LOVE this tank!! I'm upgrading my 10g to a 30g breeder (3' i think) Is that what you have? Either way, very inspirational!


----------



## baldy1970 (Feb 27, 2011)

55 gallon 2 32 coralife bulbs aquatop 500uv canister filter no ferts just add api leafzone once a week


----------



## driftwoodhunter (Jul 1, 2011)

That's some pretty driftwood you've got in there!


----------



## baldy1970 (Feb 27, 2011)

Thanks got it from pc1 off their ebay account


----------



## MadDiscus (Aug 7, 2011)

Here is mine. i want to see others' tanks too and share some your experiences/ideas.


Here is my thread


----------



## baldy1970 (Feb 27, 2011)

like your tank maddiscus Pretty Awesome Good Job


----------



## CKJ (Oct 3, 2008)

I like your tank too Mad Discus! And those discus you have are beautiful!


----------



## MadDiscus (Aug 7, 2011)

it took me awhile to raise them from jr to adult and switch to planted tank. 
Thank you for your comments.


----------



## Hilde (May 19, 2008)

MadDiscus love your tank. Nice and simple. Just wish the wood wasn't in the middle of the tank. What are your plants?


----------



## MadDiscus (Aug 7, 2011)

Hilde, can you give me better pic if i move it to the right side. where do i put it and how to decorate it? It was on the right side before and because it's big touching sides of the tank, discus did not bother to go around those branches. They were very much stay right in the middle. That's why i moved there close to middle as you can see they actually swim back and forth, side to side. I really enjoy and relax watching them swim around the tank instead staying in place. Just want to let you, that piece goes to the right side of the tank is removable. I did not want to leave it out in the backyard to get dry up, so i put it there. I am thinking to put laying on the ground. What do you think????

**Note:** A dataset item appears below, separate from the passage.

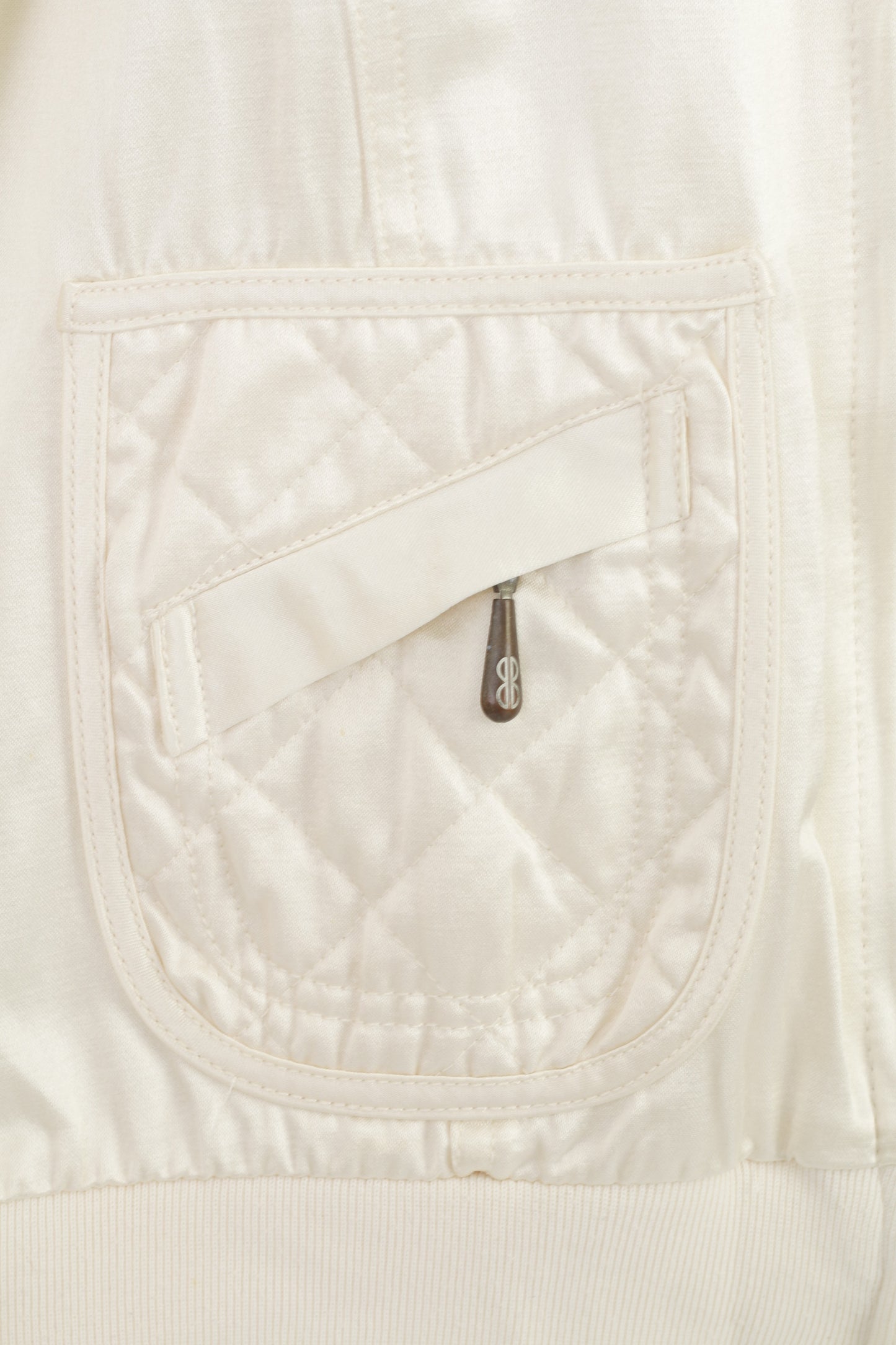Bill Blass Jeans Women M Jacket Retro Cream Shiny Quilted Cotton Blend Pockets Zip Up Vintage Top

Ps: i am not sure it's good to discus here or better to discus on my thread. The link is right above the pictures.
http://www.plantedtank.net/forums/low-tech-forum/144839-180g-low-light-planted-tank.html


Thank you for your suggestion.


----------



## kamikazi (Sep 3, 2010)

My tanks are low light, see my sig for threads with pictures.


----------



## Bad-Daddio (Apr 11, 2009)

ony said:


> Would definitely be interesting to see some more low light tanks. Many of the set ups shown on this sub-section are so much more... well "high tech", than mine. Not that I wouldnt be upgrading if I had the money to play with!
> 
> Heres a bit about my tank if anyones interested
> 
> ...


ony - that's a great looking low light tank!

care to spell out a plant list?


----------